Dear friends,
I am working with different breeds of pig and each contains multiple samples. Currently, I already finished standard pipeline from bwa to GATK and called HapotyCaller which resulted in vcf file for each samples. Now I am confused at merge step. Should I consider merging all vcf file altogether or first at breed level and than all the breed vcf together before running post analysis?
I am basically looking for variation in indigenous variety and I am confused at this stage. Any help or suggestion would be highly appreciable and grateful regarding the confusion.
you should call HaplotypCaller for all your bam at the same time to get a multisample vcf. Is there are too many BAMS, you can switch to the GVCF mode.
In the GVCF workflow used for scalable variant calling in DNA sequence data, HaplotypeCaller runs per-sample to generate an intermediate GVCF (not to be used in final analysis), which can then be used in GenotypeGVCFs for joint genotyping of multiple samples in a very efficient way. The GVCF workflow enables rapid incremental processing of samples as they roll off the sequencer, as well as scaling to very large cohort sizes (e.g. the 92K exomes of ExAC).

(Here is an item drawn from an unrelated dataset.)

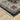 Indoor rug by Oriental Weavers, Aberdeen / 561B, featuring a detailed pattern in neutral tones, measuring 2x3 feet.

Thank you Pierre for the suggestion. I only have 70-80 samples and running in GVCF mode for each BAM file respectively. As there are different breed I am confused if after this step we need to merge every single vcf together or breed by breed.
Thank you Pierre for the suggestion. I only have 70-80 samples and running in GVCF mode for each BAM file respectively. As there are different breed I am confused if after this step we need to merge every single vcf together or breed by breed.